Con ogni settimana che passa dall’inizio della campagna vaccinale anti-Coronavirus, il tema delle disuguaglianze economiche tra i Paesi più ricchi e gli ultimi del pianeta si ripropone con maggiore urgenza. Mentre l’Europa annuncia l’acquisto di una seconda tranche del vaccino Pfizer-BioNTech per altre 300 milioni di dosi, avvia colloqui con l’azienda farmaceutica Valneva per l’ottavo vaccino e litiga sulle dosi extra concordate privatamente dalla Germania, il divario con il “sud globale” diventa sempre più grande. Basta guardare il numero di dosi acquistate o prenotate dai paesi Occidentali – Unione Europea e Stati Uniti in primis – e il resto del mondo per rendersene conto. Se le principali case farmaceutiche dovrebbero produrre in totale circa 12 miliardi di dosi nel 2021, circa 9 miliardi sono già state opzionate da un numero ristretto di Paesi, ovvero Stati Uniti, Canada, Regno Unito, Nuova Zelanda, Australia e i Paesi membri dell’Unione europea.

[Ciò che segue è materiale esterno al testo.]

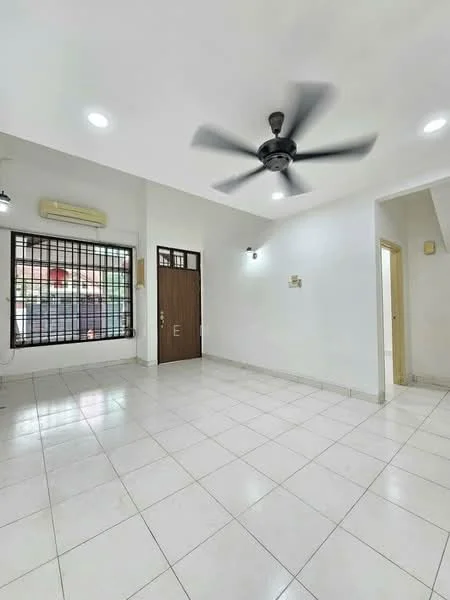 Living features: white painted walls, glossy white tile flooring, 5-blade ceiling fan with light, wall-mounted air conditioning unit, large window with security grille, main entrance door with wood finish, recessed downlights, neutral decor, open layout; style: modern.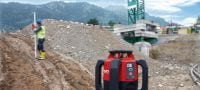 PR 300-HV2S Ротаційний лазерний рівень для зовнішніх робіт Ротаційний лазерний нівелір для використання поза приміщеннями з автоматичним вертикальним вирівнюванням і подвійним розмічуванням нахилу для нівелювання, вирівнювання, розмічування та побудови прямих кутів Застосування 3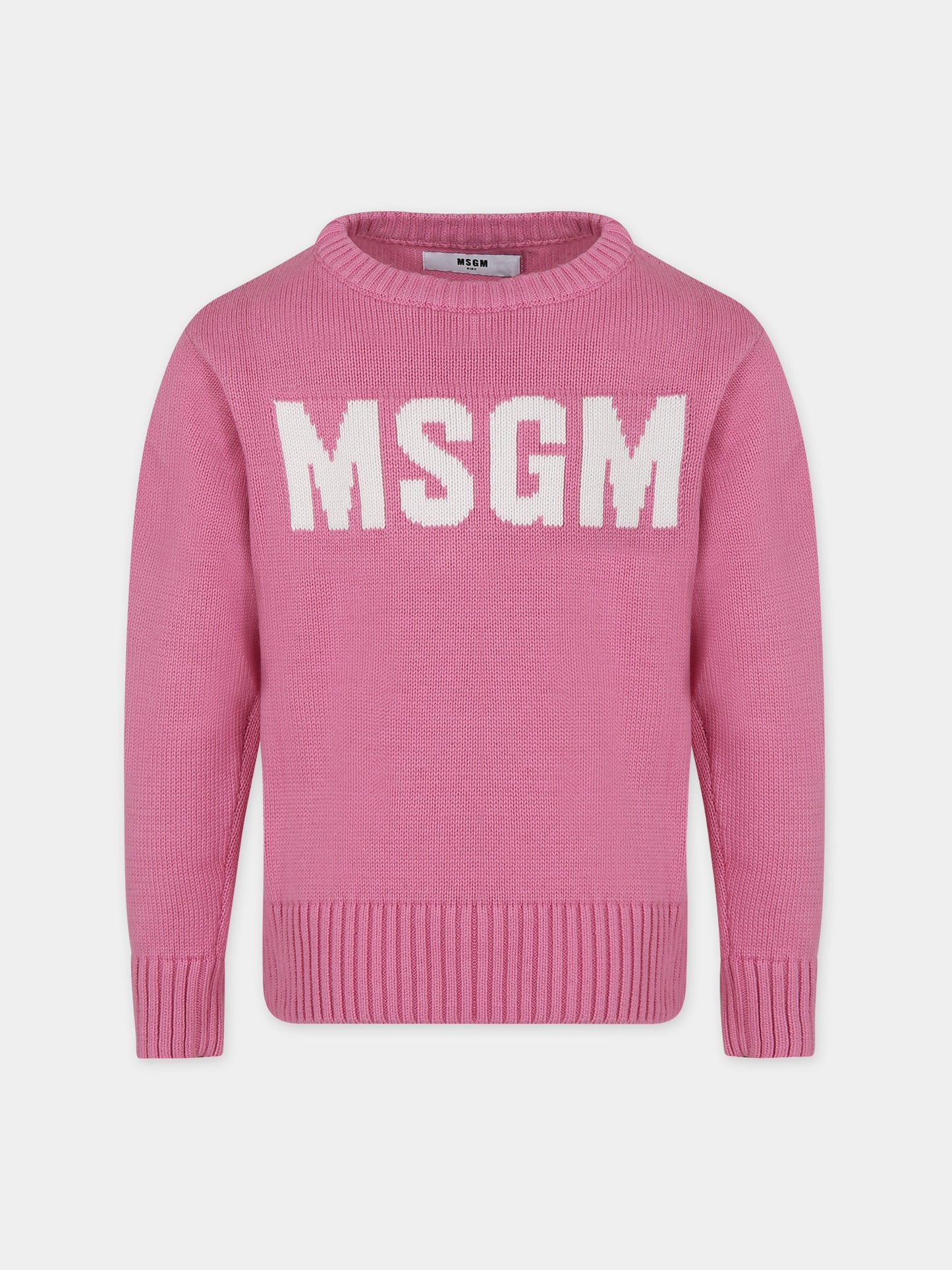 Maglione rosa per bambina con logo,Msgm Kids,F3MSJUJP153 042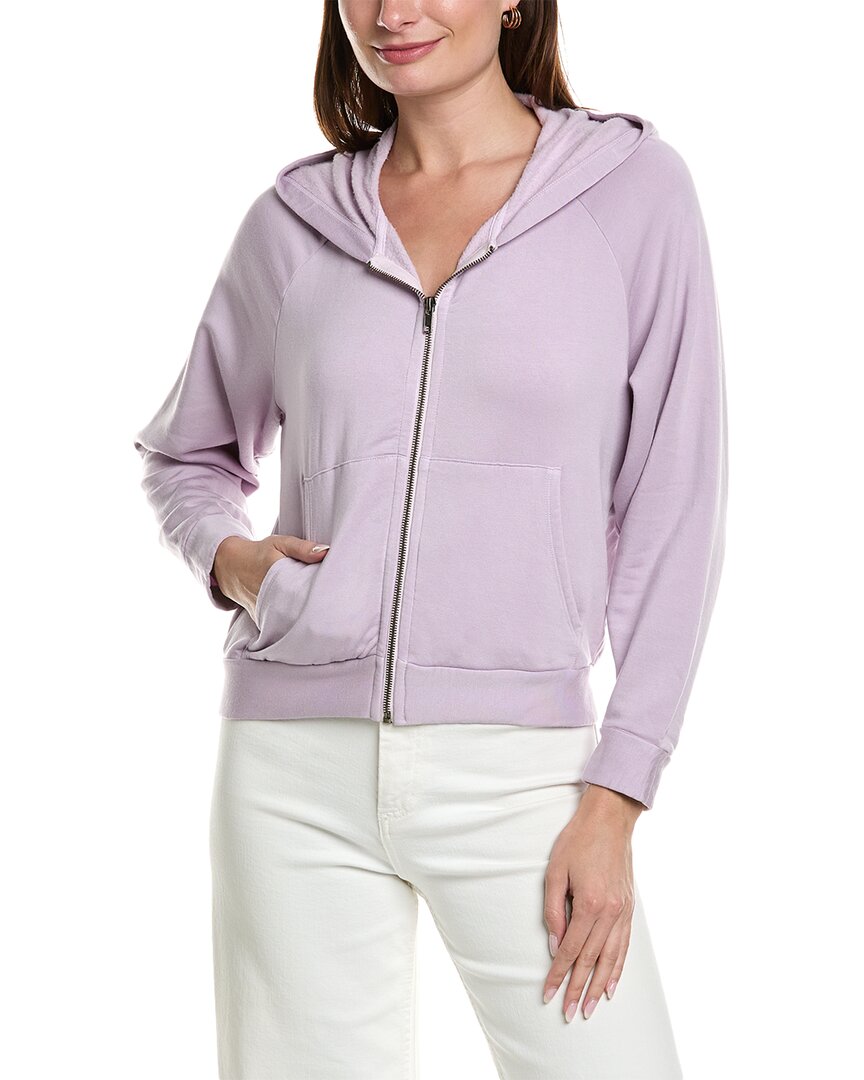 Shop Stateside Softest Fleece Cropped Zip-up Hoodie In Purple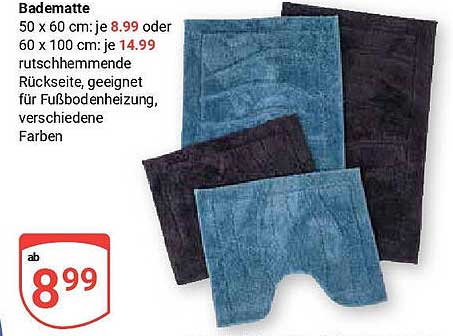 Badematte 50 x 60 cm für 8,99 Euro oder 60 x 100 cm für 14,99 Euro
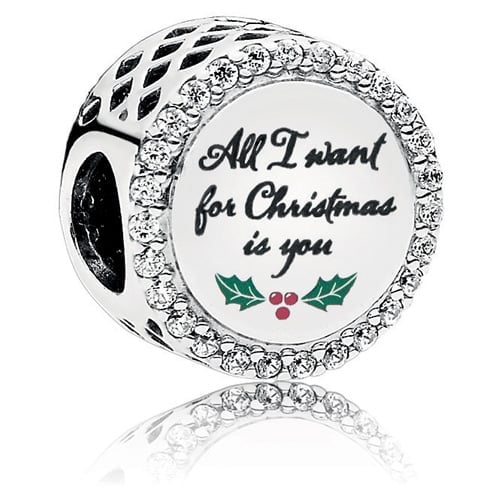 All I Want for Christmas Charm, Clear CZ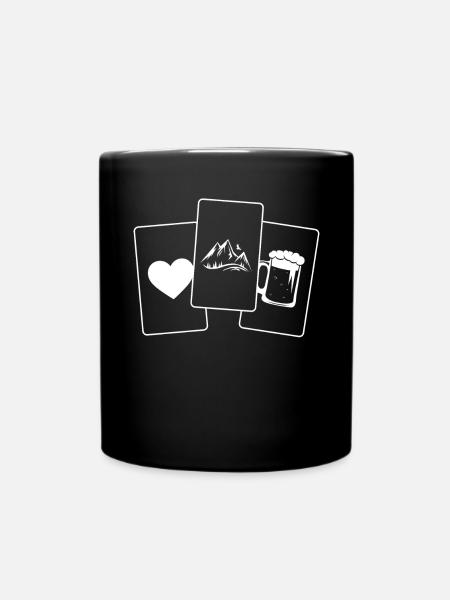 Herz - Bier - Berg - - Tasse einfarbig - Schwarz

L’Unione europea potrà fare affidamento su circa 2 miliardi di dosi, quindi poco oltre due volte la popolazione totale di 446 milioni considerando che i vaccini richiedono due dosi. Questo nonostante molti di questi vaccini vengano prodotti all’estero. Alcuni governi dei Paesi produttori sono corsi ai ripari. È il caso dell’India, uno dei più grandi produttori di vaccini al mondo e attualmente il secondo per numero di contagi (oltre 10 milioni) dopo gli Stati Uniti. Il governo di Delhi ha imposto alla casa farmaceutica che produce il vaccino AstraZeneca in India, il Serum Institute, di dare priorità assoluta al proprio Paese per almeno tre mesi, in modo di assicurare a Nuova Delhi i primi 100 milioni di dosi del vaccino. Altri, invece, guardano ai nuovi maestri della diplomazia vaccinale: la Cina e la Russia.


L’Africa ‘cinese’

Il vaccino cinese sviluppato dal China National Pharmaceutical Group (SinoPharm), è stato approvato in Cina a fine dicembre dopo che aveva segnalato un tasso di efficacia del 79% circa (anche se le stime variano) e adesso è in fase di preparazione. L’obiettivo è somministrare gratuitamente 50 milioni di dosi entro il 5 febbraio. Già a maggio 2020 il presidente cinese Xi Jinping aveva promesso che una volta finalizzato il vaccino sarebbe stato reso disponibile a prezzi abbordabili a tutti i Paesi in via di sviluppo in quanto «bene pubblico globale». La promessa di Xi Jinping non è altro che il capitolo più recente nella diplomazia sanitaria intrapresa dalla Cina a partire dai primi mesi dell’epidemia, anche per distogliere l’attenzione dai fatti di Wuhan, e che inizialmente aveva fatto presa anche in Italia dove i medici cinesi e i dispositivi di protezione made in China erano stati accolti con entusiasmo.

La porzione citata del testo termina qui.